Qué garantiza cada primitiva

std::atomic impide que el compilador guarde el valor en un registro: cada lectura y cada escritura van a memoria. Además inserta las barreras de memoria del nivel que corresponda, fuerza el vaciado del store buffer e invalida la caché, de modo que la modificación sea visible para los demás hilos. Y asegura que una lectura o escritura simple sea atómica, sin valores rasgados a medio escribir.

std::mutex lleva la barrera incorporada: la semántica de adquisición se ejecuta al bloquear y la de liberación al desbloquear. Si los dos hilos bloquean y desbloquean correctamente alrededor del dato compartido, visibilidad y atomicidad vienen dadas. Es la opción natural cuando el estado compartido es una estructura compleja que exige varios pasos, a cambio de más sobrecarga y del coste de cambiar de hilo.

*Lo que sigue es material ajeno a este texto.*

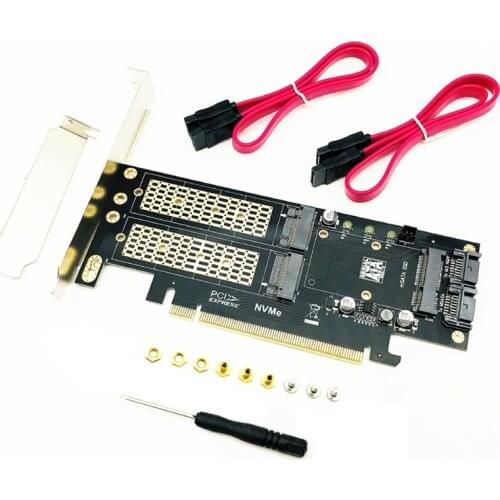 Riser Card M2 NVMe SSD NGFF to PCIE 3.0 X16 Adapter for Chia Mining Support M Key NVME SSD B Key M.2 SATA SSD mSATA 3in1 Adapter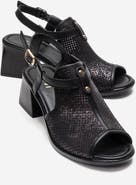 Forever & Always Shoes Janelle Leather Block Heel Sandal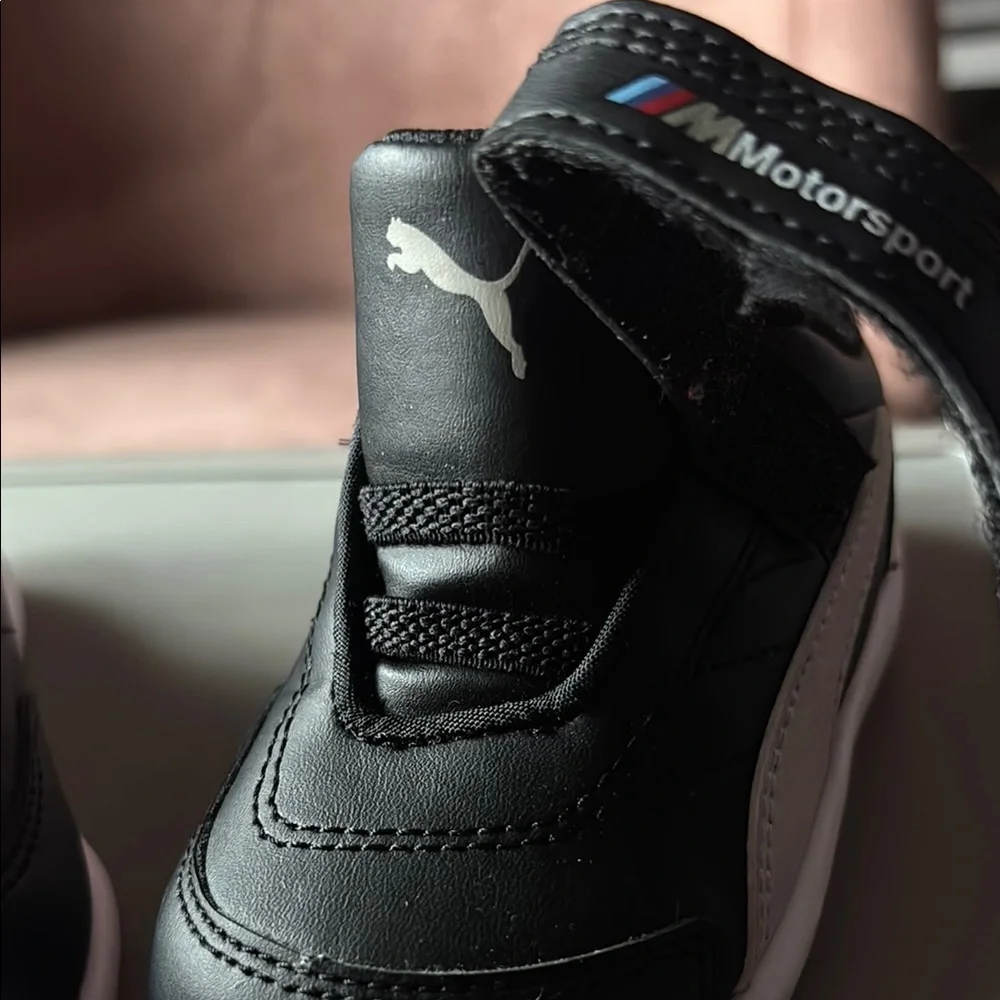 Puma Black and White Sneakers with Suede Finish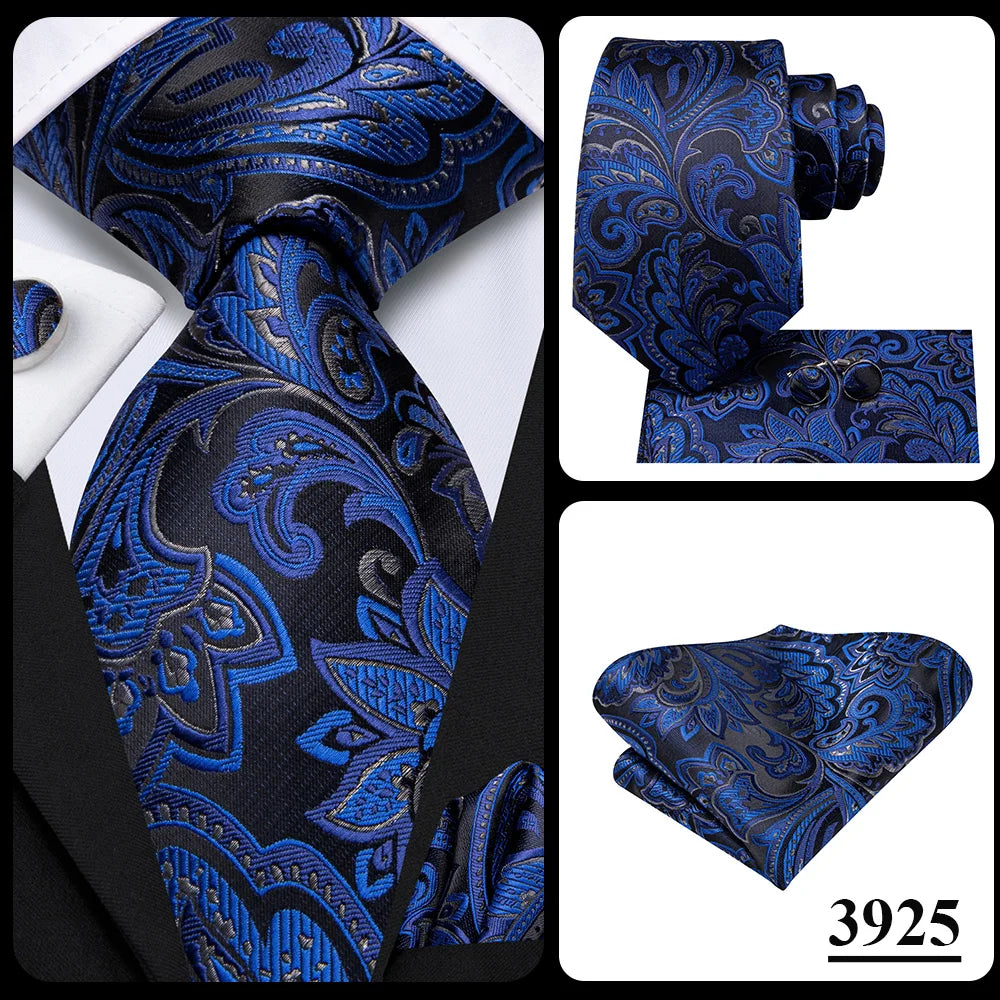 Hi-Tie Navy Blue Floral Striped Silk Elegant Tie For Men Groom Wedding Men Necktie Pocket Square Cufflink Accessory Wholesale
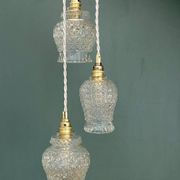 Suspension triple tulipes vintage en verre moulé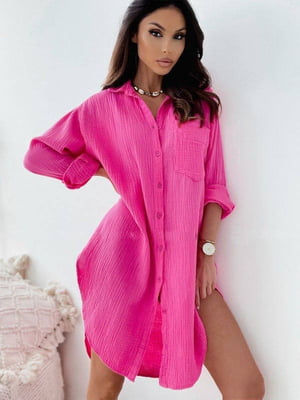 Рожева сукня-сорочка з мусліну під пояс | 6858603
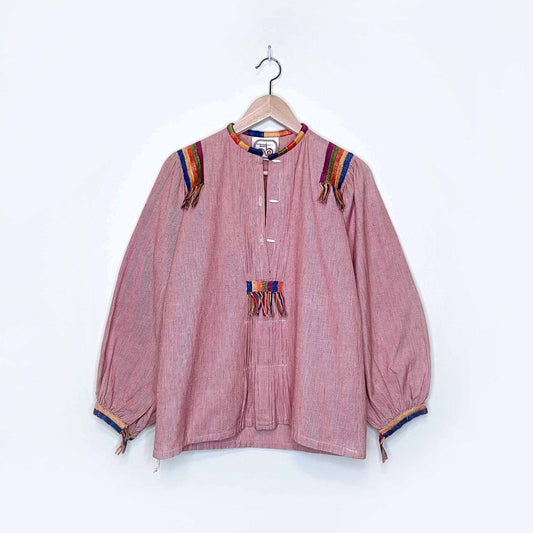 vintage 70's gonzalo bauer hand woven boho tassel shirt with balloon sleeves - size small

Queda la barrera de memoria, el mecanismo de más bajo nivel: un punto de sincronización insertado a mano que obliga a vaciar el store buffer y el read buffer de invalidación, y fija el orden y la visibilidad a un lado y otro de la barrera. En C++ estándar es std::atomic_thread_fence; en Windows, MemoryBarrier(); en GCC, __sync_synchronize().

Nada de esto es nuevo en el modelo de memoria del lenguaje, pero el fallo sigue apareciendo en código de producción: quien asume que dos hilos van a entrar en un orden concreto está confiando en el planificador y en el estado de la caché de cada núcleo. Con optimizaciones activadas, el problema se reproduce o no según la máquina y la carga, que es la peor forma de tener un bug de concurrencia.